What’s Next?

I’ve been telling my friends that I plan to quit music school soon.

To be honest, I always knew I was going to drop out. A degree was never the objective. Instead, I enrolled because I wanted to learn…or at least, that’s the press release. The real answer needs deep introspection, and introspection needs time that’s probably better spent studying for Solfeggio or practicing Czerny.

Time. That’s probably one of the biggest reasons I’m planning to leave UST: music school takes up so much time. And I knew this, my piano teacher repeats to me when I show up to her studio looking run down the nth week in a row. And I did know this. I knew that school would take up time, effort, that I would lose Saturdays and sleep and a whole host of other things.

I also know what a parametric EQ does and how it works. But I still struggle to use it on Garageband.

There’s a lot of difference between knowing and knowing. The latter, I guess, you can only gain through experience. I’ve been in UST for nearly two full school years. If I stick to my plan—and I don’t know if I will—then I won’t last a third. I haven’t made up my mind to quit, but I’m nearly there. The only thing holding me back from definitively making that decision is that I am just as uncertain about why I should leave as I am about why I started in the first place.

I know why I should go. I should go because I keep turning down gigs for this. I should go because I don’t get to sleep much. I should go because there are ministry opportunities that I miss out on because I’m in school on Saturdays (and what nobler thing is there to leave the conservatory for than church?). I should go because, ironically, music is taking time away from music.

But is it really?

Someone asked me—I forget who; maybe it was a lot of someones—what I planned to do after I quit UST. I think the exact phrasing was, “What’s next?” At first, I found the question odd, but then I realise that I have always had something going on. I can’t remember the last time I had Saturdays free; probably back in university, but even then I’m convinced I was probably doing something. For an introvert homebody, I don’t like staying home: I always need to be doing. And, for at least six years and maybe more, that doing has had to do with music.

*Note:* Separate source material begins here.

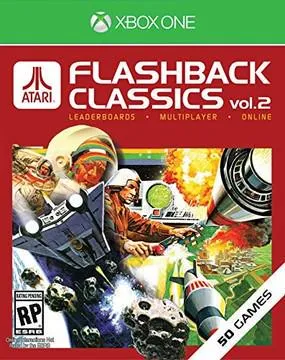 Atari Flashback Classics Vol 2 — Xbox One Price & Value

Back to the question of why I enrolled in music school to begin with. The easiest answer would be that I simply traded ST for UST. The band broke up the year I got in, and school conveniently took up all the hours I would spend rehearsing in Marikina, week after week. If I’m less kind to myself, maybe I’ll even admit that getting into the conservatory was me trying to prove a point: I got in on the strength of two songs I wrote and produced all on my own, no bandmates or audio engineers or “hitmakers.” In that last, horrible year, I remember constantly feeling like I had to prove I was worth the band staying together.

My ahia would say this sounds about right, but they don’t to me. I know they’re correct, somewhere, but like I said before there’s a difference between knowing and knowing. I know what I know isn’t quite it.
I plan to at least finish my four freshman AppMaj requirements (Solo, Duo, Trio, Quartet) and my piano minor before I go. If I go. When I go. To be honest, even now, with Saturday in just a few hours and my dread of it growing, I’m still not 100% sure if I should leave or if I should stay. My old university professor—also a musician, also a current music student—shared a post that went, “When you feel like stopping, think about why you started.”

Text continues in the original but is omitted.